The missing audits were to cover various aspects of operations such as cashier cage accountability, bank secrecy compliance, food and beverage operations, a compulsive and responsible gambling program, the surveillance system, and more.

It was ‘total systemic failure’

Attorney Adrian King Jr., representing Mount Airy, stressed that the auditing failures were separate from the issue of required financial audits that vouch for the overall collection and handling of revenue and distribution of tax dollars to the state, for which no fault was found. The seven-member board was still aghast, however, at repeated lapses in the casino’s oversight of its own operations.

“You had a total systemic failure — this is totally unacceptable,” said board member Sara Manzano-Diaz, who cast a sole vote against the consent agreement, maintaining that the $120,000 fine should have been higher.

King said that the casino had replaced its general manager and chief financial officer and overhauled its auditing department “to clean house,” with acceptance of responsibility.

“I cannot fix the past, but I sure can fix what’s going on now and what’s going to be happening in the future,” Ben Koff, Mount Airy’s new hire as general manager in January, said in seeking to assure the board that all future reports will be conducted and submitted on a timely basis.

Board members voting for the consent agreement said he should be given a chance to prove his words. However, member Frank Dermody cautioned, “If there’s a system failure like this again, the result won’t be the same.”

Losing bettor wouldn’t pay up

Pennsylvania’s regulatory agency also fined Mohegan Pennsylvania $20,000 for promoting multiple employees into positions for which they lacked suitable licenses.

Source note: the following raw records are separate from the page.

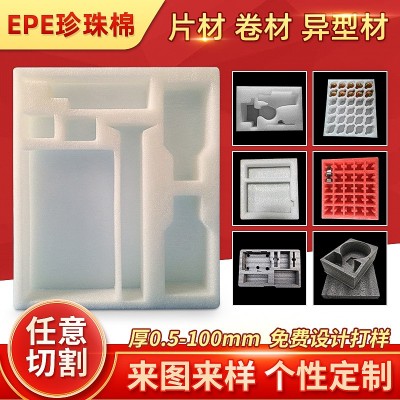 厂家定 制EPE珍珠棉包装 高密度防震珍珠棉填充 打包泡沫珍珠棉图5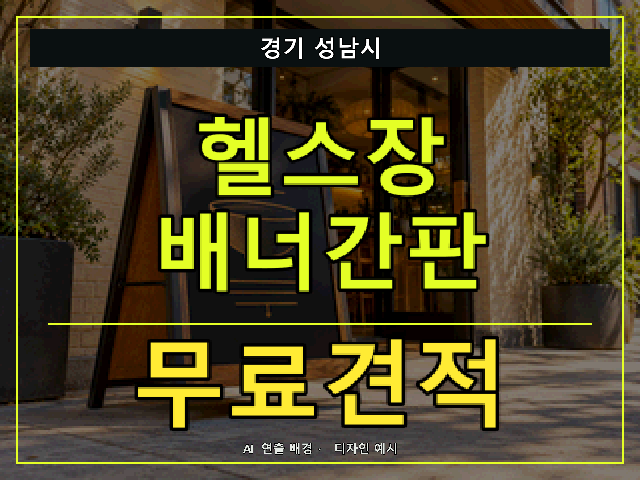 경기 성남시 헬스장 배너간판 무료견적 안내 썸네일 · AI 연출 배경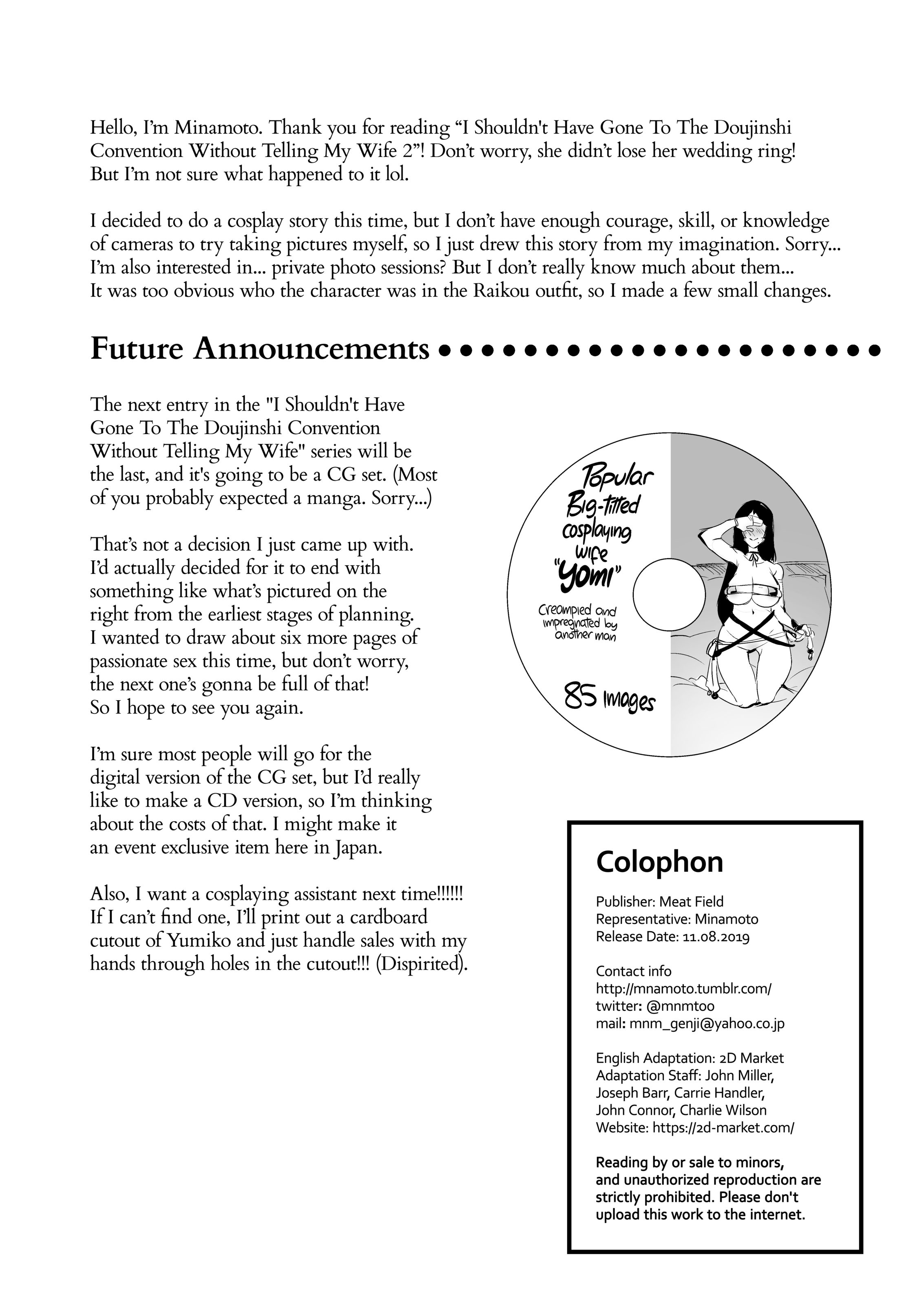 زوجة فاجرة بل لباس استعاري في حمام عام - Image 36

Two individuals remained in their posts for two or more years before obtaining the proper licensing upgrade.

Rivers Philadelphia, meanwhile, was fined $7,500 for failure to communicate to the gaming board in the required time frame about a cheating incident by a patron who marked cards playing Mississippi Stud.

More eye-opening, however, was a rare case of improper sportsbook activity that was announced, although the Live! Philadelphia casino where it occurred was not the subject of punishment. Instead, its former sportsbook supervisor, Gianno Longo, and two former ticket writers for the book, Ryan Hanley and Omar Muhammad, lost their gaming licenses for June 2022 activity that was costly to the sportsbook.

The board’s Office of Enforcement Counsel reported that the three were involved in placing three wagers of $37,500, $37,500, and $20,000 for a customer, Rocco Giunta, who was not physically present to make the bets and provide money for them. The wagers lost, and he refused to pay. A board investigation found similar prior incidents involving the trio of employees.

When asked if some sort of conspiracy had taken place among the employees and Giunta, a board attorney responded, “They asserted that it was good customer service, but we do have … security footage showing they were also tipped for their service.”

In addition to being terminated and now banned hereafter from working in the industry, Longo, as the supervisor who communicated directly with Giunta, was charged with theft of services and entered a summary diversion program to resolve the offense.

Giunta himself was among those placed on the board’s involuntary exclusion list Wednesday. He also entered a summary diversion program after being charged with theft of service. While he is to pay restitution, the staff attorney said Giunta has thus far paid only $400 of the $95,000.